America West Express fleet
| Type | Aircraft | Seats |
|---|---|---|
| Bombardier CRJ200 | 18 | 50 |
| Bombardier CRJ900 | 37 | 90 |
| de Havilland Canada Dash 8-100 | 6 | 37 |
| Embraer ERJ 145 | 9 | 50 |

===Historical regional jet fleet===
The America West Express brand, through its various regional and commuter airline partners, operated a variety of twinjet aircraft over the years including the following types:

- Fokker 70

===Historical turboprop fleet===
The America West Express brand, through its various regional and commuter airline partners, operated a variety of twin turboprop aircraft over the years including the following types:

- Beechcraft 1900D
- Bombardier Q200
- Embraer EMB 120

==Services==
America West Express operated all of its fleet in a single coach class configuration. However, the CRJ-700s and CRJ-900s did offer dual class service at one point with separate first and coach class cabins.
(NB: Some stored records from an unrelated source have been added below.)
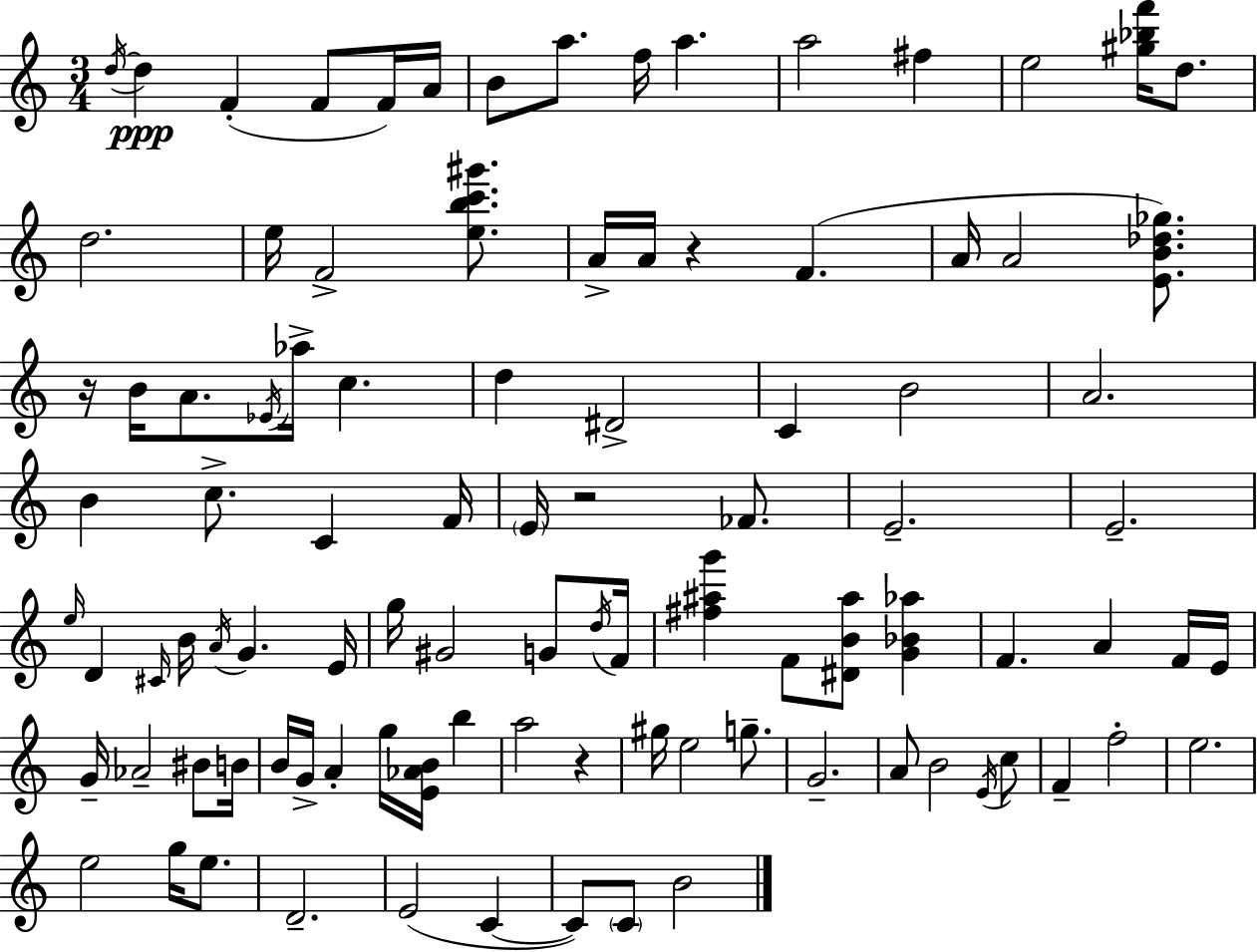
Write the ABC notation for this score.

X:1
T:Untitled
M:3/4
L:1/4
K:Am
d/4 d F F/2 F/4 A/4 B/2 a/2 f/4 a a2 ^f e2 [^g_bf']/4 d/2 d2 e/4 F2 [ebc'^g']/2 A/4 A/4 z F A/4 A2 [EB_d_g]/2 z/4 B/4 A/2 _E/4 _a/4 c d ^D2 C B2 A2 B c/2 C F/4 E/4 z2 _F/2 E2 E2 e/4 D ^C/4 B/4 A/4 G E/4 g/4 ^G2 G/2 d/4 F/4 [^f^ag'] F/2 [^DB^a]/2 [G_B_a] F A F/4 E/4 G/4 _A2 ^B/2 B/4 B/4 G/4 A g/4 [E_AB]/4 b a2 z ^g/4 e2 g/2 G2 A/2 B2 E/4 c/2 F f2 e2 e2 g/4 e/2 D2 E2 C C/2 C/2 B2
This dual class service was then subsequently dropped when it was determined that customers were not willing to pay extra for limited first class amenities on these short flights. Increasing the number of coach seats thus resulted in increased revenue.

== Identifying codes ==
Since these were code share flights, the America West Airlines codes were used for customer purposes. HPX indicates America West Express flights. However, the flights were actually operated under the Mesa Airlines and Chatauqua Airlines codes, depending on the operating airline.